Rocío Pérez (otra Rocío y que también cuida de Carmen) lleva trabajando con personas mayores desde hace casi veinte años. En dos décadas da tiempo a verlo casi todo, incluida la evolución con la que familiar y socialmente ha ido siendo aceptada la demencia. Cuando abrió su centro de día (ahora trabaja en uno) “me ponían por loca cuando los sacaba a pasear o hacer actividades al aire libre”. Nadie quería enseñarlos, había “que esconderlos”, aunque aún hoy hay personas que ocultan al mundo el drama en el que viven, “muchas veces por una especie de ‘vergüenza ajena’ de que las personas que conocían al enfermo antes vean su deterioro”. Con todo, las cosas van cambiando. Más despacio de lo que deberían y con un pecado venial a las espaldas: “las administraciones necesitan saber más de la enfermedad”, explica Rocío, porque “ofrecen muchas cosas que a menudo no sirven de nada, cosas que realmente no facilitan la vida ni de los enfermos ni de las personas que los cuidan”. Cree que la visibilización y la formación sobre Alzheimer debería ser imprescindible “para poder ayudar de verdad”.

El Alzheimer es un mazazo al principio, una tortura durante y una losa al final: “ves a tu padre o tu madre transformarse en otra persona, y eso es muy difícil”, confiesa Rocío. “Es cruel”, y quizás por eso muchos familiares intentan que durante todo el tiempo posible “sigan siendo ellos mismos”. Evitarlo es imposible, vano trabajo. Retrasarlo, un esfuerzo descomunal pero “muy gratificante”, como su trabajo, para el que pide “dignificación y vocación” porque “para hacer esto tiene que gustarte de verdad y dar mucho cariño”. Al fin y al cabo es lo que los enfermos, a falta de cualquier otra cosa, necesitan y  “agradecen por encima de todo”.

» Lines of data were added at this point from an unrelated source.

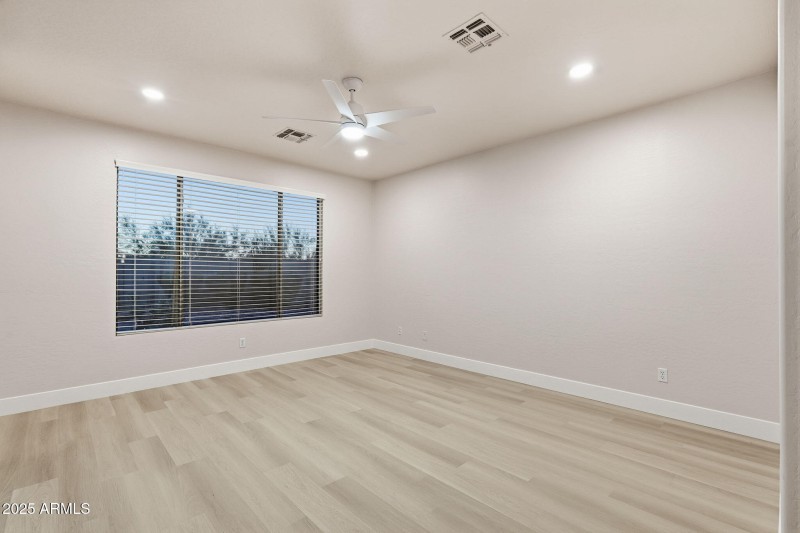 23-web-or-mls-024_ListerPros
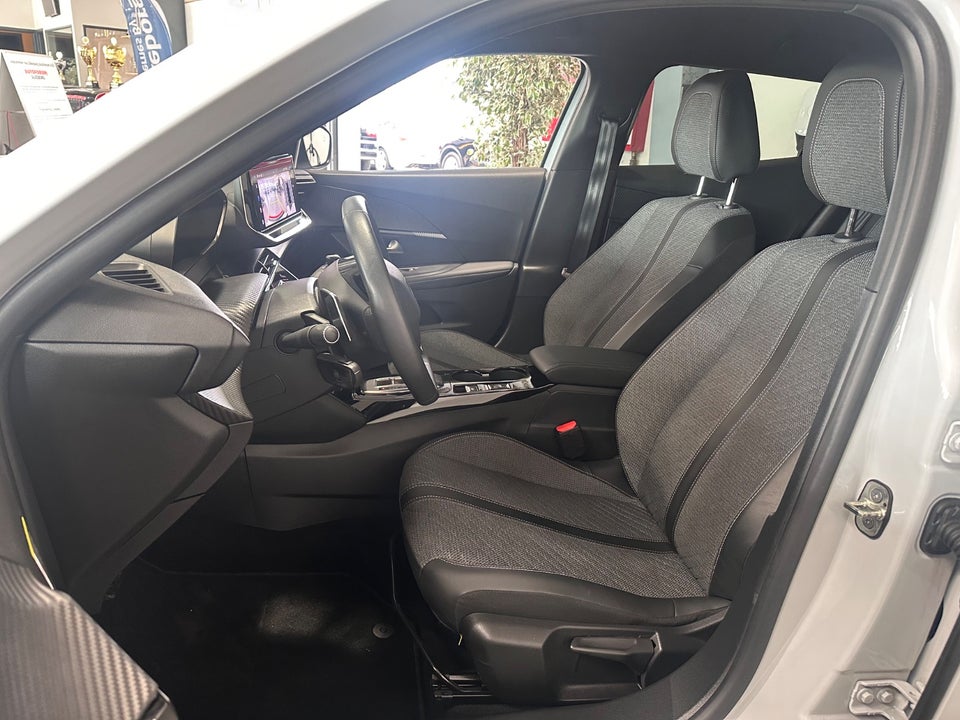 Peugeot 2008 1,2 PureTech 130 Allure EAT8 5d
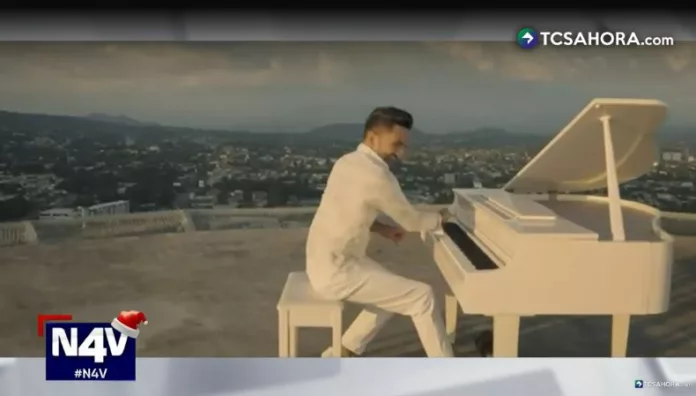 Andrés Ángel lleva su piano a las alturas con una interpretación única Con su piano blanco como protagonista, Andrés Ángel presentó una interpretación única desde uno de los edificios más altos del país.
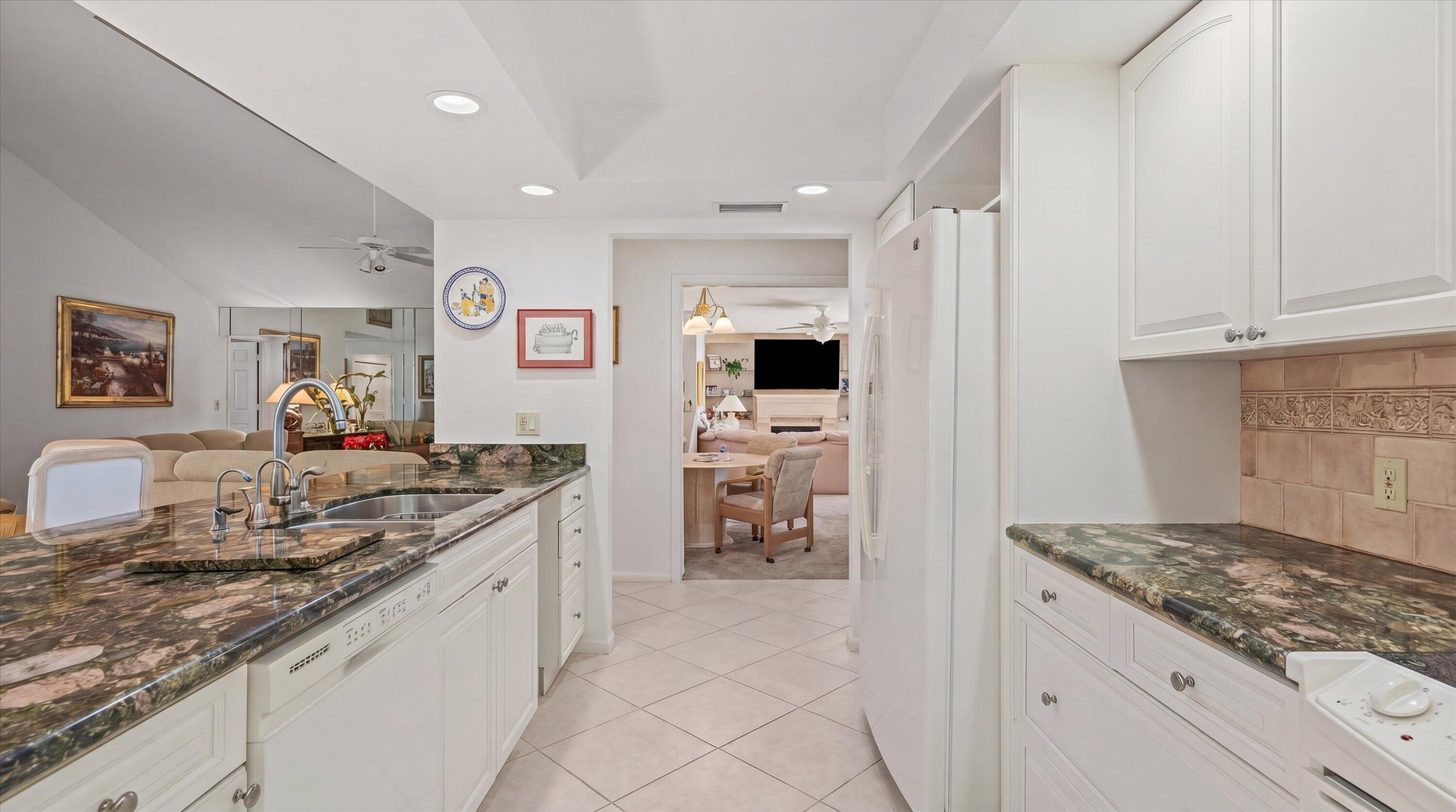 CROSSWINDS AT JONATHANS LANDING - Residential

Porque el Alzheimer, con eso, sí que no. Puede borrarle el nombre de sus hijos o el rostro de sus nietos. Hacerle creer que sigue siendo una jovencita, que su padre sigue vivo o que su marido es el muchacho guapo de la panadería. Puede robarle a Carmen los recuerdos o prestarle otros que no son suyos, desdibujarle el camino de regreso a casa, quitarle las llaves, esconderle el dinero, agriarle el carácter, cambiarle los sabores. Puede hacerle imposible lo que antes era fácil, quitarle el sueño, asustarla siempre. Puede hacer muchas cosas pero con eso sí que no. Con el cariño de su hija no puede.